The idea of a computer virus (a program that can replicate itself very quickly) has existed for over 70 years, and the first article on the subject was written by John von Neumann in 1966.
The first virus ever made, Creeper, is 50 years old this year. Creeper would go on to lay the foundations for one of the most devastating security attacks in recent history, intensifying the need for user awareness of damaging viruses and phishing simulation.
What Is A Computer Worm?
To understand how devastating MyDoom and similar viruses were, we need to know their history and how they work.
A virus is a piece of self-replicating computer code that modifies (or infects) other programs and adds its code, enabling other programs in the system to activate or reactivate the virus’ effects.
A computer worm is a standalone computer program that replicates and spreads across a network, taking advantage of weaknesses in security systems to copy itself. The first two worms ever made, Creeper and Reaper, were harmless. Creeper was built to leave a message on networked output machines, while Reaper simply deleted its predecessor.
This type of self-contained virus would become the weapon of choice for some of the most damaging cyberattacks ever.
The Mydoom Attack
It soon became obvious just how quickly a worm could take advantage of an email system and spread a virus. The 1988 Morris Worm, while initially created as an experiment, went on to infect 2,000 computers within a few hours, and the 2000 ILOVEYOU worm ended up on over 10 million Windows devices.
MyDoom was deliberately written as a way to send spam emails to people through infected computers, and went on to become the fastest-spreading worm ever created.
Who Created The MyDoom Virus?
As the author of the virus is unknown, nobody knows for sure the real reason for its creation. Several security firms stated they believed the worm to have originated in Russia, and law enforcement agencies have added they believe organised online criminal gangs to be involved.
What Actually Was The MyDoom Virus?
The virus itself was sent as an email attachment, usually with a subject line replicating an email send error, such as “Mail Transaction Failed” or “Mail Delivery System”. The body of the email says that the unsent message has been included as an attachment.
The executable file looks like a text file, and if clicked, it rapidly installs a system allowing hackers to break into the system, as well as a keylogger to track password input.
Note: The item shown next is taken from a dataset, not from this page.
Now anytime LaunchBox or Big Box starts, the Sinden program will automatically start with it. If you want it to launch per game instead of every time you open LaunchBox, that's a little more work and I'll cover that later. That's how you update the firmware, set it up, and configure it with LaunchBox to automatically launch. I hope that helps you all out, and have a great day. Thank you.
Next, it scans local files and Outlook’s address books for more email addresses to spread the virus further.
How Much Damage Did MyDoom Cause?
Within a few hours of its first infection on 26th January 2004, the MyDoom virus had slowed the entire internet by 10%, and doubled the amount of time web pages took to load.
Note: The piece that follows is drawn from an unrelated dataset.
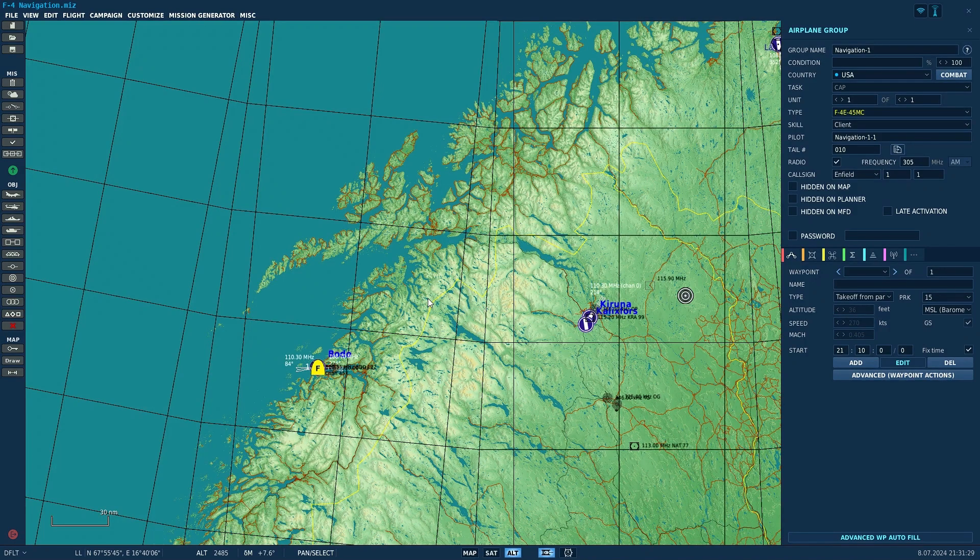Hello valued viewers. I hope you're all doing very well. Today we're going to look at navigation from the front seat of the F-4 Phantom, and a few other little things besides.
The software targeted both Microsoft and a company that had claimed to own the UNIX operating system. This initially caused the belief that the virus was an act of activism created by fans of the open-source system Linux.
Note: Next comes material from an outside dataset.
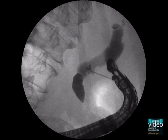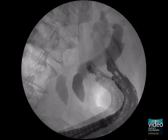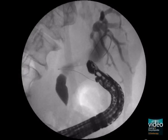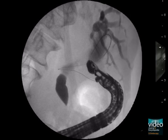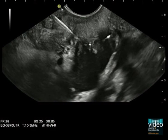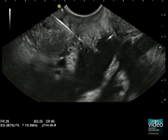Using contrast media, control fluoroscopy confirms the dilated bile ducts and absent bile drainage through the papilla into the duodenum. Under EUS and fluoroscopy guidance, a 0.035-inch guidewire is inserted through the needle into a bile duct. The guidewire should be introduced as far as possible into the intrahepatic branches of the biliary system.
Even though this turned out to not to be the case, no virus has done as much damage since MyDoom.
FAQ: What are the most damaging computer viruses?
Aside from MyDoom and the ILOVEYOU virus, which combined caused over $50 million of costs, the Klez worm of 2001 infected almost 10% of all computers, replicating, sending fake emails and attempting to deactivate other viruses.
Two years later the Sobig virus caused $30 billion of damages worldwide, with several versions released (Sobig.F being the most harmful).
FAQ: What are the effects of computer worms?
Worms and their associated viruses have caused astronomical costs; today the figure is estimated at $55 billion a year.
These costs include cleanup and repair, ransomware payments, loss of productivity and fines, however the exact amounts are impossible to tell as issues with cybercrime are not easily tracked.
Luckily, today’s operating systems and advances in security mean that it’s much harder for worms to infiltrate and spread.
FAQ: What are the most recent computer worms?
Most of us have heard of 2017’s WannaCry ransomware, which raged through 200,000 computers and raised over $4 billion. Ransomware went through a peak in the 2010s, such as in the case of the CryptoLocker virus which encrypted files with an accompanying payment window.